A primeira iluminação revela ao homem a transitoriedade das realidades terrenas, que passam como o vento. Tal atitude supõe, todavia, que tenhais consciência da própria fraqueza, tão inclinada a rebelar-se, já que existe nos vossos membros uma lei perversa (Rm 7,23), que vos leva a revoltar-se contra mim, vosso criador. Tal "lei" não obriga ninguém a pecar contra sua vontade, todavia combate contra o espírito. Permiti semelhante lei, não para serdes vencidos, mas a fim de provar vossas virtudes. É nas situações adversas que as virtudes são experimentadas. A sensualidade opõe-se ao espírito; é através dela que o homem comprova seu amor por mim, o criador. De que modo? Opondo-se às suas tendências, derrotando-as. Quis eu ainda, essa perversa lei para que o homem fosse humilde. Criei-o à minha imagem e semelhança, dei-lhe grande dignidade e beleza. Unindo a alma a um corpo, dei-lhe aquela lei como companheira. Era minha intensão que a alma não se orgulhasse diante da própria beleza. Para quem tem fé, portanto, o corpo é instrumento de humildade.
O corpo é frágil, nada possui que seja razão de orgulho, pelo contrário, deve ser motivo de verdadeira e perfeita humildade. De si mesma a sensualidade não conduz ninguém ao pecado, mas apenas induz ao reconhecimento do próprio nada; revela a fragilidade do que é terreno. É preciso que a inteligência humana, sob a luz da fé, reconheça tal coisa; trata-se justamente daquela iluminação "geral" de que falei, indispensável para todos os que desejam participar da vida da graça, aproveitando os efeitos da morte do Cordeiro imaculado. Ela é necessária para todos, qualquer que seja o estado de vida; é a iluminação da "caridade comum", universal. Todos (os cristãos) devem possuí-la, sob pena de serem condenados; quem não a tem, não está na graça divina; desconhece o pecado, suas causas; por isso não o odeia, não o evita. Ora, a pessoa que ignora o bem e a virtude não pode reconhecer me, não pode ser virtuosa, não adquire a graça, único meio que a mim conduz. Percebes quanto é importante esta iluminação?

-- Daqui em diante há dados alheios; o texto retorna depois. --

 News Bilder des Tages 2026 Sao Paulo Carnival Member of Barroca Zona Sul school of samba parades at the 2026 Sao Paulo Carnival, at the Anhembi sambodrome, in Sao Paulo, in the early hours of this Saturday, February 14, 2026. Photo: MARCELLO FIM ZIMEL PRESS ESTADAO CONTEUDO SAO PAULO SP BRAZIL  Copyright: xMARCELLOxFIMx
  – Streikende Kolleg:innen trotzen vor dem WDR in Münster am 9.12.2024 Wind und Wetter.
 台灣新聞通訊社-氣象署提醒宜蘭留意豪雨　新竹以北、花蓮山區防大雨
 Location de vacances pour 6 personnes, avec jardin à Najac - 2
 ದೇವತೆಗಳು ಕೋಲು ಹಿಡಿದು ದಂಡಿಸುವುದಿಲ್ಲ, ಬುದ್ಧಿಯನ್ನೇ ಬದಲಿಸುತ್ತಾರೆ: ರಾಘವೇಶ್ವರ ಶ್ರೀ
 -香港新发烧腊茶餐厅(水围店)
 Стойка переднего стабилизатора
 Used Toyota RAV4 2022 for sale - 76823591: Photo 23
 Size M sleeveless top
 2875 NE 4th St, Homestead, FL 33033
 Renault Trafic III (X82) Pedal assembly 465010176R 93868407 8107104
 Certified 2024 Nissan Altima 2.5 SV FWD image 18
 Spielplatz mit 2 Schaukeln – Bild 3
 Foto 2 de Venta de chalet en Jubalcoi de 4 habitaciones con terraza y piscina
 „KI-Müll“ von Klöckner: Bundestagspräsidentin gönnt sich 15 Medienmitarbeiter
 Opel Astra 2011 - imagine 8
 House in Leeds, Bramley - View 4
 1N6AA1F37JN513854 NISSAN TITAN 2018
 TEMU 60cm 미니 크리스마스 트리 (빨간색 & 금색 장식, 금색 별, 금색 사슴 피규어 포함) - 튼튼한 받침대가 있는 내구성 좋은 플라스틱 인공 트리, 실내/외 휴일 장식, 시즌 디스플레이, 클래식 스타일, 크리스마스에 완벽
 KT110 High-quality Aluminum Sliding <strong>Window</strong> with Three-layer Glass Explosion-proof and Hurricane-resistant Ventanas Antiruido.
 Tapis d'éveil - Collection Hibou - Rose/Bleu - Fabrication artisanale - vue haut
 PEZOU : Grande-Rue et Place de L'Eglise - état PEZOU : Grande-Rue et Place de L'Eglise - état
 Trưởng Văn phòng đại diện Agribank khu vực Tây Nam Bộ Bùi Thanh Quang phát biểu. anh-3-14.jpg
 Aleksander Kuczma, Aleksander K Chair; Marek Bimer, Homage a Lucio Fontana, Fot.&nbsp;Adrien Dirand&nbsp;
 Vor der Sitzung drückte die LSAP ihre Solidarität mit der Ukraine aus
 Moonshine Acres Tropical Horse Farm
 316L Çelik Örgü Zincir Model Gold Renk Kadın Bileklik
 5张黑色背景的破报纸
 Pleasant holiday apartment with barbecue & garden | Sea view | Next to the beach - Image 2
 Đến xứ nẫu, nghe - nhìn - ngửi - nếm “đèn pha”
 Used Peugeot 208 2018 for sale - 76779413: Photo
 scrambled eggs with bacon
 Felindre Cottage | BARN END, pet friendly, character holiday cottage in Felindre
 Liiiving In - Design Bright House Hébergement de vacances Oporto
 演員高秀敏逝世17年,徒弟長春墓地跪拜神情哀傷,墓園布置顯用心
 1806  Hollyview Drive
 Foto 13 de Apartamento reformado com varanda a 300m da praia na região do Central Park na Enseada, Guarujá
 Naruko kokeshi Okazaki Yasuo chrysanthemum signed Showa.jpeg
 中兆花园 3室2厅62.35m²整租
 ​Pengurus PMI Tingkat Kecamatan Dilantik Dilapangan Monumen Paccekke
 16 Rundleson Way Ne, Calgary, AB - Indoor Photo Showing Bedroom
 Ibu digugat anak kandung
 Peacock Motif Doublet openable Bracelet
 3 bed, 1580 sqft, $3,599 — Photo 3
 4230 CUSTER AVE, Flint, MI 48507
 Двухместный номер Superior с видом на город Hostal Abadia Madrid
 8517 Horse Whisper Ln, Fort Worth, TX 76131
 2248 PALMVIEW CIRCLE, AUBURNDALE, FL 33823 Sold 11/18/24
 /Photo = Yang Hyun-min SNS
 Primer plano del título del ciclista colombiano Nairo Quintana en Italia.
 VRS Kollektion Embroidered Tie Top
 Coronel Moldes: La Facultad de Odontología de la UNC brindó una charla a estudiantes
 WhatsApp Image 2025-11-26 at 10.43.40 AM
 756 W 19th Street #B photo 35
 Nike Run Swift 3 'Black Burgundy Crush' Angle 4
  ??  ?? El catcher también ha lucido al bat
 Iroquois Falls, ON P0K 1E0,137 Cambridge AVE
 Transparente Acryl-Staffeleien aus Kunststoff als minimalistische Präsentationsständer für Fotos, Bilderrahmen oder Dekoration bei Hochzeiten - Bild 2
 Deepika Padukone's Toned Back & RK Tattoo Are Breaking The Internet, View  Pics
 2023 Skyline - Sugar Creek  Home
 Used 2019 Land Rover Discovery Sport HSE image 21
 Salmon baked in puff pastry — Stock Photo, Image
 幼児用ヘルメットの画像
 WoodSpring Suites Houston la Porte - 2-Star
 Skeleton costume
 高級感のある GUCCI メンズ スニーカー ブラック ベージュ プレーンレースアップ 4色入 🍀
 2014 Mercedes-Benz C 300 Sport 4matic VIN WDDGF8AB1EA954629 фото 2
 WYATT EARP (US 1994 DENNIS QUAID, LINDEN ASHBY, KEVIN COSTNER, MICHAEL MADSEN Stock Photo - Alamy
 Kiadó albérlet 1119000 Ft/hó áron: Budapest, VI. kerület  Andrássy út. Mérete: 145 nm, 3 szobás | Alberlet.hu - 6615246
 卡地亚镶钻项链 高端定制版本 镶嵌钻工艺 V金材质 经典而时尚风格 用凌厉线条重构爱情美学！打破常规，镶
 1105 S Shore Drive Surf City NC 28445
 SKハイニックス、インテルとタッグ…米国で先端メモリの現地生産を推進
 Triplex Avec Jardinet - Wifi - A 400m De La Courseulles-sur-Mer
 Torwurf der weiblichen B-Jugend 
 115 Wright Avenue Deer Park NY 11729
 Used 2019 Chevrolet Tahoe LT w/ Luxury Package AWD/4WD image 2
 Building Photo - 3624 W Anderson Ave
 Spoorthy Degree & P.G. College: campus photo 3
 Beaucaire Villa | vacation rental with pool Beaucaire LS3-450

Vossos pecados consistem no amor por realidades que abomino; consistem em abominar coisas que eu amo. Pois bem! Amo a virtude, detesto o vício. Quem ama o vício, ofende-me; é um cego a caminhar, sem saber o que é o pecado, o que é o egoísmo, quais são as consequências do pecado. O pecador ignora o que seja a virtude, ignora que sou a fonte da vida, desconhece a dignidade da graça na prática das virtudes. Bem vês, a ignorância é a raiz de seus males. Donde a necessidade desta iluminação.